Imaginary Things
Summary: 'Love' turns out to be a principle of anarchy, as expected.
*
Love is blind. Love is kind. What a nauseating bunch of romcom crap. I wonder if the golden hearted hime-samas could have lovingly endured a warty toad or a hideous beast throughout their lives. Love makes you kind? Yeah, right. Love is just an acceptable brand of selfishness, like cats. To think that you love someone is the best kind of self-gratification that there is. Nobody loves anyone just as they are, dead fish-eyes and all. It's ideas people fall in love with. When the inevitable disillusionment comes, "pop" goes all love.
Nobody understands that when it really comes down to it, all love is Platonic. Ah. The irony.
Now that Yuigahama and Tobe are prancing around all the time like a couple of labra-doodles, all perky ears and wagging tails, the ambience of the club room has changed all too perceptibly. Funnily enough, even though it isn't the way it was after I turned down Yuigahama, it's just as disconcerting. Yukinoshita's comebacks now feel a bit forced. The controlled jubilance about her insults I find so masochistically endearing, is gone somehow .
Perhaps the choreography has suffered because the cute pacifist our group is missing.
I wonder if Yukinoshita now resents me for a different reason altogether.
Whatever it is, it feels different. Hikigaya Hachiman hates different. Yuigahama's offer was not acceptable precisely because of this: it would have irrevocably altered the status quo. But what I failed to understand then was that things had already changed. There was no right answer to Yuigahama's question. Ugh. It's always the nice ones who ruin things.
Yuigahama pops in the clubroom once in a while these days, with Tobe in tow. What are they, Siamese twins? But she seems genuinely happy. That's something I guess, after I had hurt her with the best of intentions.
One day after the exuberant couple bounce away, I sigh with relief. Their enthusiasm is grating. I wonder what it's like, when life feels like a giant trampoline. Hmm. Yuigahama on a trampoline would be quite a sight.
Yukinoshita, revitalized by her dear friend's visit, pounces with lethal grace.
"Regretting your rotten decision now, are you, Hikigaya-kun? Surely you didn't except someone like Yuigahama-san to keep pining for the rest of her life? It's pretty unfortunate, I suppose. You rejected possibly the only proposal you'd ever receive in your life. Of course, with your abysmally low levels of intelligence, that was expected. Worms shall really be trying your virginity*. Poor worms."

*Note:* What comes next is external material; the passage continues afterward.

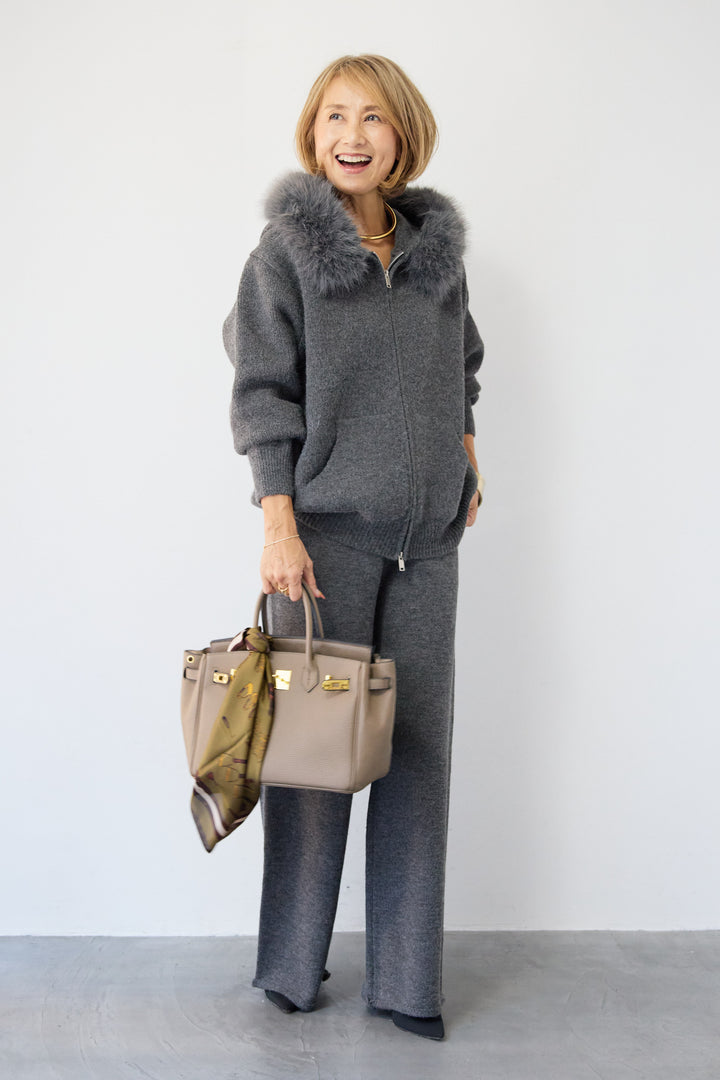 ファーフードジップニットパーカーセットアップ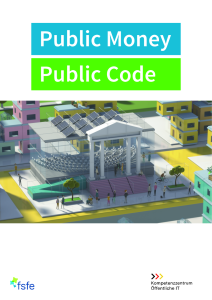 Titelbild der Publikation Public Money Public Code - Modernisierung der öffentlichen Infrastruktur mit Freier Software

Wow. You repeatedly surpass yourself, woman.
"To the contrary. I was just thinking how ridiculous the idea of love is if it it can be transferred to someone else so easily."

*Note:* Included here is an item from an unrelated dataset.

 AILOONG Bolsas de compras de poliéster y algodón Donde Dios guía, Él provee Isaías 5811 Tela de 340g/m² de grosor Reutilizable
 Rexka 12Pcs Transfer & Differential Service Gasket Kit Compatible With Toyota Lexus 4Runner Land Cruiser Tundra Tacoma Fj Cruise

"Ah. You are forgetting the most important variable in this equation, Hikigaya-kun. It's you we are talking about. Given your generally rotten character, it's obvious Yuigahama-san focused her affections so soon on someone else. You are rather exceptional that way."

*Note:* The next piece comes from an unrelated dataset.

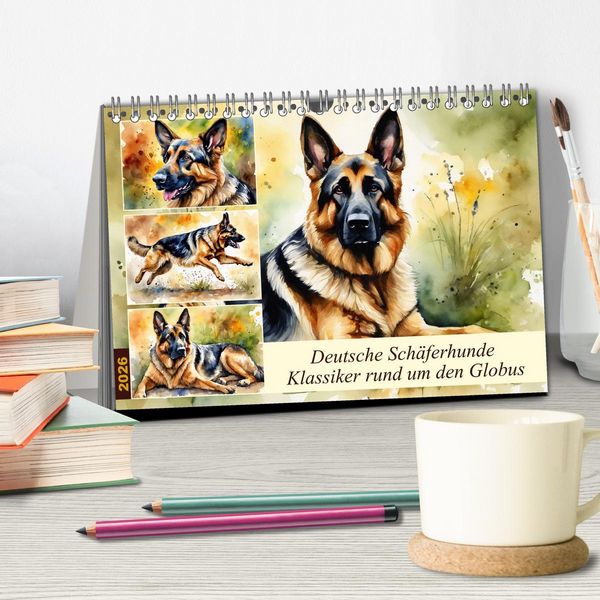Produktbild: Deutsche Sch&auml;ferhunde - Klassiker rund um den Globus (Tischkalender 2026 DIN A5 quer), CALVENDO Monatskalender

Way to cheer a person up, Yukinoshita. May you grace us all with your condescension for the rest of our miserable lives.
As time passes, things gradually fall into a routine. Yukinoshita's snarkiness slowly regains its original spontaneity. She even manages to coerce me into reading a 700 pages long pretentious piece of crap. To my great surprise, I slog through it. Just to prove her wrong about my "contra-evolutionary cognitive capabilities". Though it pretty much turns out the same in the end when she mocks my abominably inadequate powers of understanding when I argue that it's just self-congratulatory navel-gazing under the veneer of self-deprecation.
Some things you just can't win.
*
It's been a while now. Yuigahama is still with Tobe, who still calls me Hikitani. Perhaps they have found something genuine, after all. Who knows? As for Yukinoshita and I, we are alright. Our new group dynamics proved to be more successful than I had hoped for.
Don't get me wrong. I haven't had a revelation about love or something. As far as I'm concerned, it's still pretty much the same as the Loch Ness monster. Nessie. Messy. For something that is essentially an unspoken contract for maximal functionality, love brings far too many expectations and unnecessary headaches. Then as if shit isn't troublesome already, there's that dangerous virus called Disney.
All that being said, kissing Yukinoshita feels fucking fantastic, cliches and complications be damned.
*
p.s. Since I'm not gonna be writing something with any real depth in the foreseeable future, these facile renditions will have to do. *sighs*
Yukinoshita's scathing comment about worms is an allusion to Andrew Marvell's fabulous poem To His Coy Mistress. In my humble opinion, look no further than poets like Donne, Neruda and Cummings for classy tips on seduction. "License my roving hands"? You bet.